Estratégia · Ativos judiciais

Litigation Finance (financiamento de litígios & monetização de direitos)

Quando o direito existe, mas o tempo vira o obstáculo. Estruturas que transformam espera em encaminhamento viável — com retorno vinculado ao êxito.

O que é litigation finance

Financiar a resolução — não o endividamento

Litigation Finance consiste no financiamento de demandas judiciais, arbitrais ou administrativas, no qual o retorno está vinculado ao êxito da causa. Essa estrutura permite que empresas e credores monetizem direitos sem comprometer caixa ou balanço.

Para brokers e devedores, é uma ferramenta para destravar valor de ativos judiciais, compartilhar riscos e viabilizar estratégias jurídicas mais eficientes. O capital é direcionado à resolução do litígio, não ao endividamento tradicional.

Como esse tipo de ativo costuma funcionar

O valor muda com o processo — e o tempo é imprevisível

O valor do ativo evolui conforme o andamento processual, sendo influenciado por decisões, recursos, incidentes e negociações. Não há fluxo financeiro enquanto o litígio não se resolve e o prazo é inerentemente imprevisível.

A dinâmica depende tanto do mérito quanto do tempo. A incerteza passa a ser elemento estrutural.

Onde está o valor

Entre o tempo judicial e a necessidade de liquidez

O valor está no descompasso entre o tempo judicial e a necessidade prática de liquidez das partes envolvidas. Esse intervalo cria deságio e paralisa decisões, mesmo quando o direito é sólido.
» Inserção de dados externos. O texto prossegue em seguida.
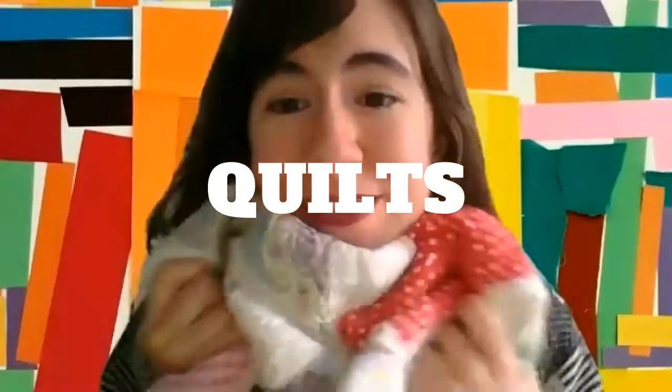Hey friends! If you know me, you probably already know that I like to sew and that I like any kind of art that involves fabric or thread or yarn. So today I'm very excited to talk to you about quilts.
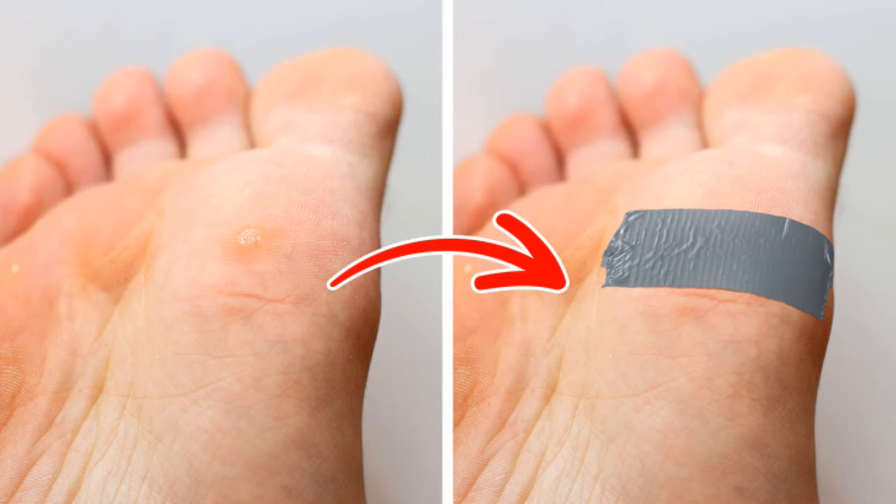Once every 3 to 6 days, remove the duct tape and file the wart with a pumice stone. When the wart gets exposed, soak your feet in a basin with warm water. After 10 to 12 hours of air exposure, apply a new piece of duct tape, and repeat the procedure until it's fully gone.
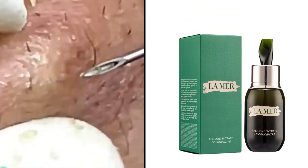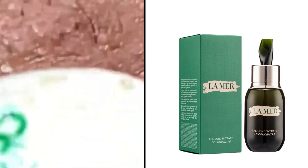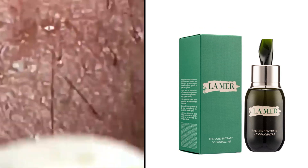What is the best over-the-counter cream for psoriasis? The best over-the-counter cream for psoriasis may vary depending on individual needs and the severity of the condition. However, some commonly recommended over-the-counter options include creams containing coal tar, salicylic acid, or hydrocortisone.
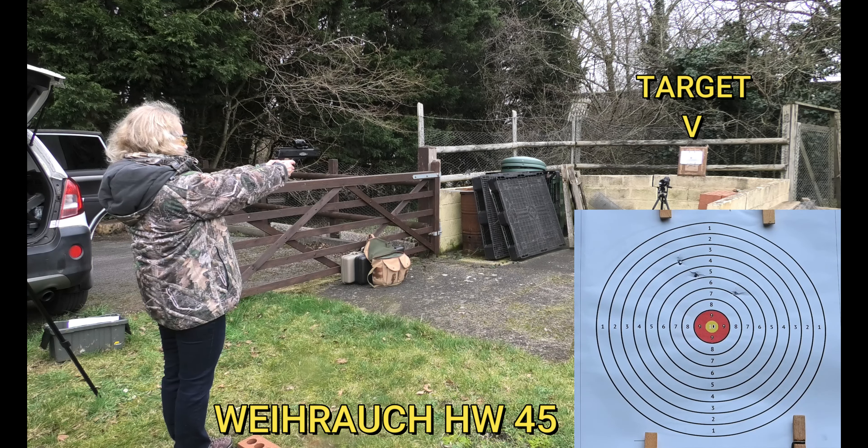That was a similar hole to before. That's a lot more consistent. And one more. You're getting a lot more consistent, but then again, you're getting lots of practice. Well done.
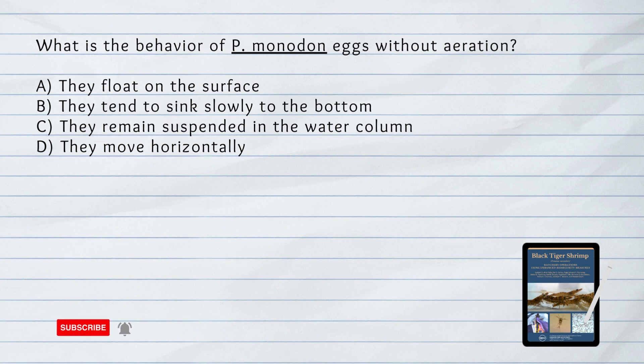What is the behavior of Penaeus monodon eggs without aeration? A. They float on the surface. B. They tend to sink slowly to the bottom. C. They remain suspended in the water column. D. They move horizontally. Answer: B. They tend to sink slowly to the bottom.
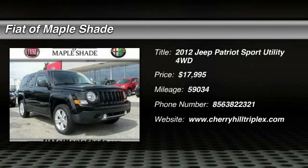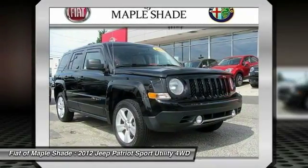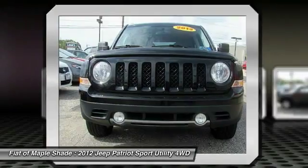2012 Patriot. The Jeep Patriot is unmistakably a Jeep. It looks like a cross between a Jeep Liberty and Jeep Compass, or maybe a three-quarter scale version of the big Jeep Commander.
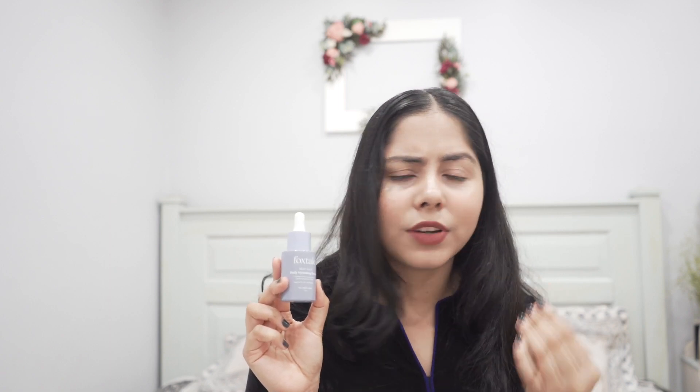It feels so hydrating and the texture is so nice. If you're looking for a daily hydrating, calming, soothing serum, this can be your pick. It's a fragrance-free formulation and quite affordable. I completely recommend it if you want a no-nonsense serum that gives your skin a plump, glowy, healthy look. I also have their eye cream but I need more time to test that.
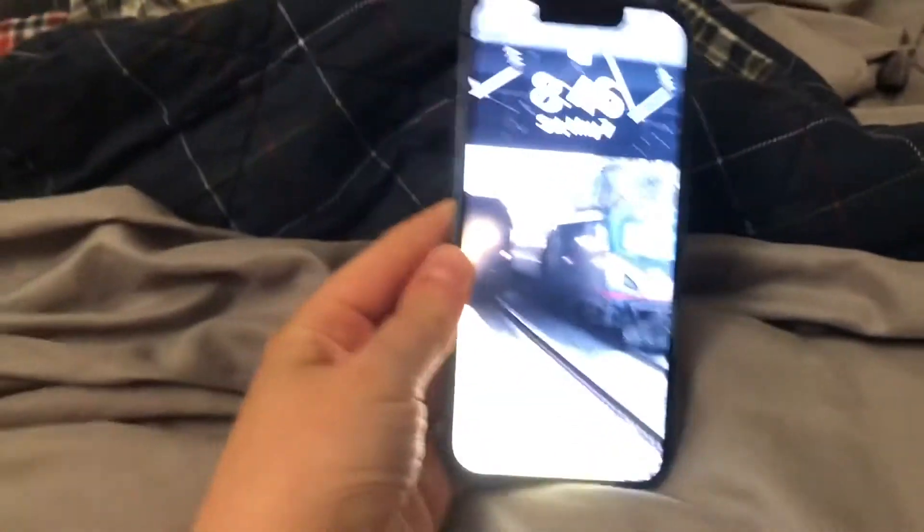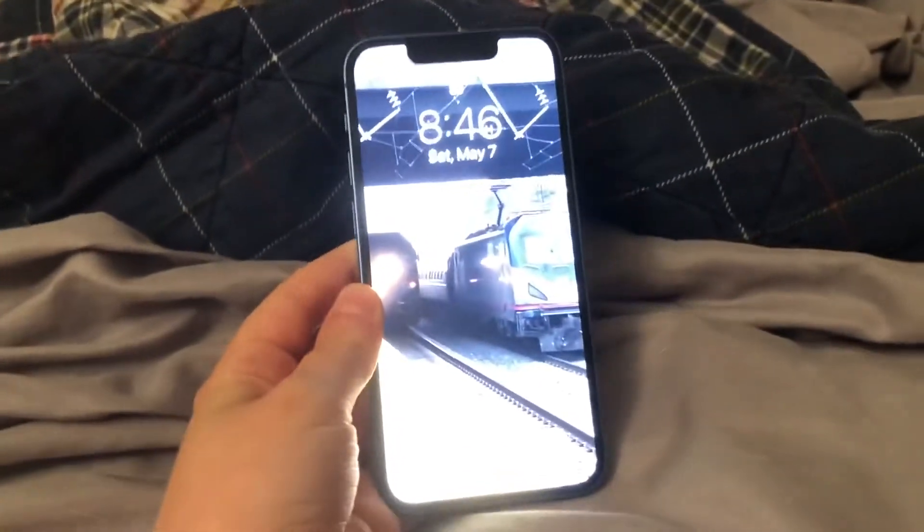We're back and here's the new phone. Now this might look the same — well, not the same — but this is actually the first time I've owned one, and it may not look like it.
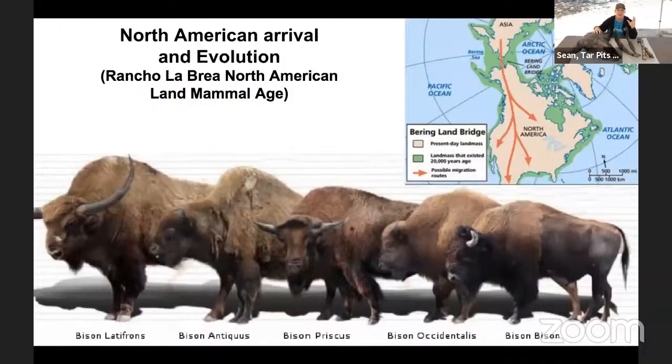This slide shows a lineup of different species of bison that lived in North America at different times. Not all of these bison are found at La Brea Tar Pits, and they're lined up roughly graded by size. Bison latifrons is the largest bison to ever live, and we actually find it here at La Brea. Bison antiquus is a little bit smaller than latifrons and is also found at La Brea — those are the two species we're going to talk about today in more detail.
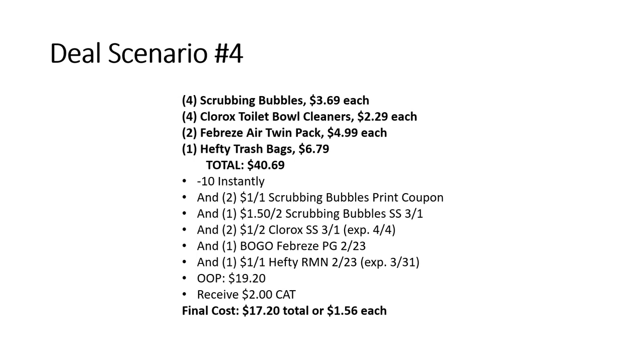Another deal: grab four Scrubbing Bubbles at $3.69 each, four Clorox toilet bowl cleansers at $2.29 each, two Febreze Air twin packs at $4.99 each, and one Hefty trash bag at $6.79. Total is $40.69. After $10 off instantly, use two $1 off one Scrubbing Bubbles printable coupons from Coupons.com, one $1.50 off two Scrubbing Bubbles from Smart Source 3/1, two $1 off two Clorox from Smart Source 3/1, one buy one get one free Febreze from P&G 2/23, and one $1 off one Hefty from RetailMeNot 2/23. Out of pocket is $19.20; after the $2 Catalina, final total is $17.20, or just $1.56 each.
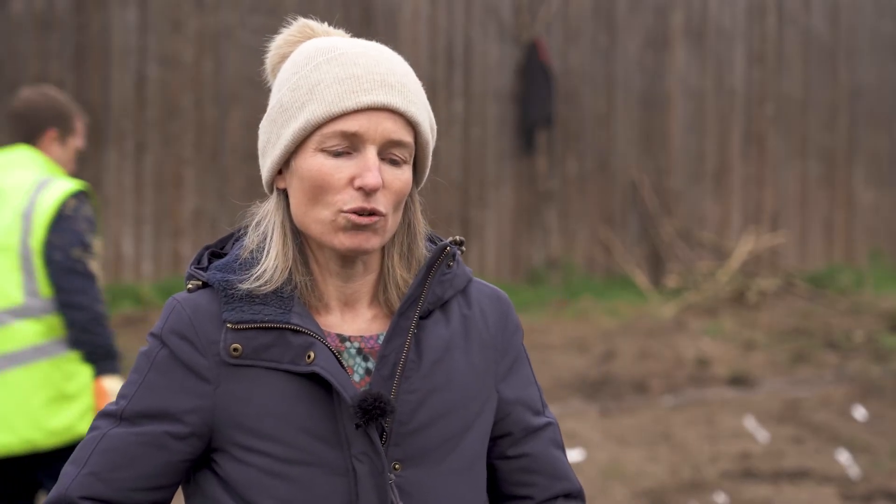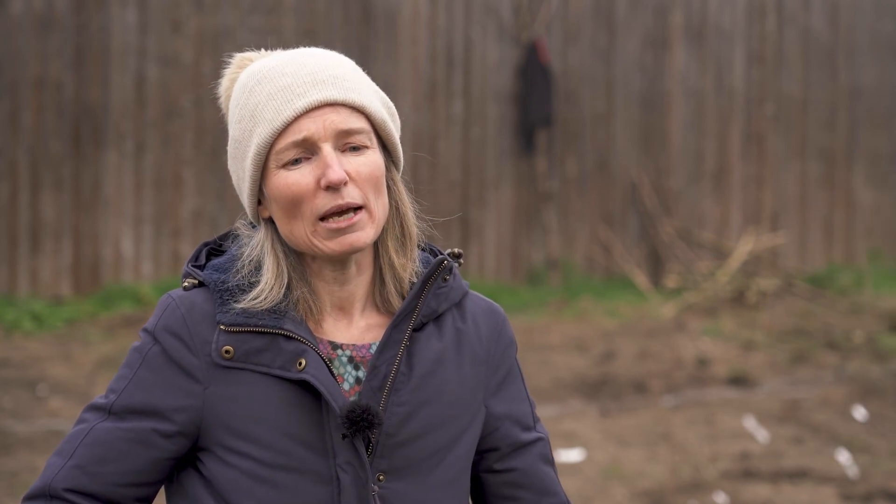We're looking to create over 100 Tiny Forests across the UK in the next couple of years and we're already well on track to achieve that. We're also working with partners across Europe with the Tiny Forest movement, gathering a wealth of scientific data on how these forests perform and seeing how nature-based solutions can help with sustainable cities.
A monetização pode ocorrer antes do encerramento definitivo do processo, por meio de acordos ou reorganizações. O retorno remunera o tempo e a incerteza assumidos.

Principais desafios

Atravessar o prazo sem perder valor econômico

O principal desafio é atravessar longos períodos sem que o ativo perca relevância econômica. Custos, desgaste e inércia corroem o valor ao longo do tempo.

Muitos direitos permanecem parados não por falta de mérito, mas por ausência de estrutura adequada para lidar com o prazo. O gargalo é sistêmico.

Visão Cupertino

Direito, tempo e decisão no mesmo enquadramento

Na Cupertino, tratamos ativos judiciais como ativos econômicos condicionados a tempo. Atuamos quando o direito existe, mas o prazo se torna o verdadeiro obstáculo à tomada de decisão.

Nossa leitura começa nesse intervalo entre mérito e liquidez, onde soluções estruturadas podem transformar espera em encaminhamento viável.

Perguntas comuns em Litigation Finance

Uma camada final de esclarecimento conceitual — para confirmar se a leitura do contexto está correta.

Ter um direito reconhecido garante liquidez imediata?

Não. O reconhecimento jurídico não elimina o fator tempo. Processos podem levar anos até a efetiva liquidação. O valor jurídico e o valor econômico nem sempre caminham juntos no tempo.

Todo litígio precisa ir até o final para gerar valor?

Não. Muitos casos se resolvem antes por acordo, cessão ou reorganização da disputa. O processo é um meio, não necessariamente o destino final. A resolução pode ocorrer em diferentes estágios.

Por que tantos direitos judiciais ficam parados?

Porque o tempo, o custo e a incerteza afastam decisões. O Judiciário não foi desenhado para gerar liquidez. Isso cria um grande volume de direitos economicamente travados.

O maior risco está no mérito da ação?

Nem sempre. Em muitos casos, o maior risco está no prazo e na imprevisibilidade do tempo. Mesmo direitos sólidos podem perder valor econômico se a espera se prolongar demais.

As informações apresentadas possuem caráter exclusivamente informativo e não constituem oferta, recomendação de investimento, solicitação ou aconselhamento. Investimentos envolvem riscos e podem resultar em perdas. A adequação a cada investidor depende de objetivos, perfil e condições específicas.